Salon hıncahınç doluydu. Duvarlardaki ve tavandaki figürler, kabartmalar, zarif kadın heykelleri beni heyecanlandırmıştı. çok geçmeden “Kuğu Gölü Balesi” başladı.

Aşkının peşinden giden bir prens ve onları ayırmaya çalışan kötü karakter... Balerinler öyle zarif hareketlerle bizi hikayenin içine katarak eritiyorlardı ki... Müzik de bir o kadar ruhumuzu besleyecek nitelikteydi.

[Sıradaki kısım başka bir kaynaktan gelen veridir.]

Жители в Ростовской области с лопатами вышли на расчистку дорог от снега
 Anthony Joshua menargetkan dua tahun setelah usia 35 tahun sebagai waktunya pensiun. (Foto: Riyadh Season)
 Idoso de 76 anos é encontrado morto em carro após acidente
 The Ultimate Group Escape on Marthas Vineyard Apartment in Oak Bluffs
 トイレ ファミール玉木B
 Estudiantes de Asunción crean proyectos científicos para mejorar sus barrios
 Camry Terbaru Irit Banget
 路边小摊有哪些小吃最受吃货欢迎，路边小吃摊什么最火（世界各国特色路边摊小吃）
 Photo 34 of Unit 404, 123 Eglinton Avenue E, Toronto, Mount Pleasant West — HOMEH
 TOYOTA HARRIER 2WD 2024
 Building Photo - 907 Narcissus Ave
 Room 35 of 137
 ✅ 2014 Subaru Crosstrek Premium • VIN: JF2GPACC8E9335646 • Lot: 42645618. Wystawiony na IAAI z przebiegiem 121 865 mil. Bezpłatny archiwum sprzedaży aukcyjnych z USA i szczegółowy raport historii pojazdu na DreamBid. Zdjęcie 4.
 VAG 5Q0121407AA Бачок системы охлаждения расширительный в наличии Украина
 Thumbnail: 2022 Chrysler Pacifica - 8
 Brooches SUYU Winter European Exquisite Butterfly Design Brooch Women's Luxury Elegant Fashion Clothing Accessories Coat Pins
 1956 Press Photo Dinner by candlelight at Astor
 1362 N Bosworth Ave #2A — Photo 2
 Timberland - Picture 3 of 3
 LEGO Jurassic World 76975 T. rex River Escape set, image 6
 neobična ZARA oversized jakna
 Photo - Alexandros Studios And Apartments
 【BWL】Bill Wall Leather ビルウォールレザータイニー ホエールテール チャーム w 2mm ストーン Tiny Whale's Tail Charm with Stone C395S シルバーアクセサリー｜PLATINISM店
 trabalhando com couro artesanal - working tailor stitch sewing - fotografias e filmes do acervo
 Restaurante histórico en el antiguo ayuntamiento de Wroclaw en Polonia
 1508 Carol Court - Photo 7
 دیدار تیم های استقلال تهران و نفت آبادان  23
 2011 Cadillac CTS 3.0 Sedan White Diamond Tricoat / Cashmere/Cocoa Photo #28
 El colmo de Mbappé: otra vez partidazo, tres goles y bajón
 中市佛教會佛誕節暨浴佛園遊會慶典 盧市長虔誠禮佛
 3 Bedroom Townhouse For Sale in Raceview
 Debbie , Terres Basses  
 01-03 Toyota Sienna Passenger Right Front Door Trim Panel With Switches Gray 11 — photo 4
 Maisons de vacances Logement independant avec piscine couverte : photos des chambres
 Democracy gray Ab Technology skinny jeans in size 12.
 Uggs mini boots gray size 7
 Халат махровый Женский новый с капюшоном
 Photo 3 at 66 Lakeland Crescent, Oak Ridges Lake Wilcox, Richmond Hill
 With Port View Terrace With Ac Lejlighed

Ara verildiğinde salondakileri incelemeye başladım. Yan balkondaki teyzeler, bizim ülkemizde apartmanda toplanan teyzelerin güne gitmesi gibi bale gösterisi izlemeye gelmişlerdi. çantalarından minik tek dikişte iç bardağı çıkarıp içkilerini doldurup içtiler, çikolata yediler, bir yandan da uyumlu bir biçimde konuşuyorlardı. O kadar çok özendim ki... Yaşlanınca ben de böyle olsam diye dua ettim. Tabii önce ülkemde sanatın değerinin anlaşılması gerekiyordu.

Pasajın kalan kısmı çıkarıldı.